Supplied material:
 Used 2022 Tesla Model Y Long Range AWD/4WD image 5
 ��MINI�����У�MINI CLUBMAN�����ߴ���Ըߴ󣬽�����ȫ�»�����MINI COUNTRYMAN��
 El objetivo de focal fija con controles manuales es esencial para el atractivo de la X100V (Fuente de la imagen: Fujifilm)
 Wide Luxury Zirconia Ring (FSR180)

Task requirements:
All lines from the one with "El objetivo de" through the end of the data must be repeated exactly, and nothing else may be repeated.

Exercise response:
 El objetivo de focal fija con controles manuales es esencial para el atractivo de la X100V (Fuente de la imagen: Fujifilm)
 Wide Luxury Zirconia Ring (FSR180)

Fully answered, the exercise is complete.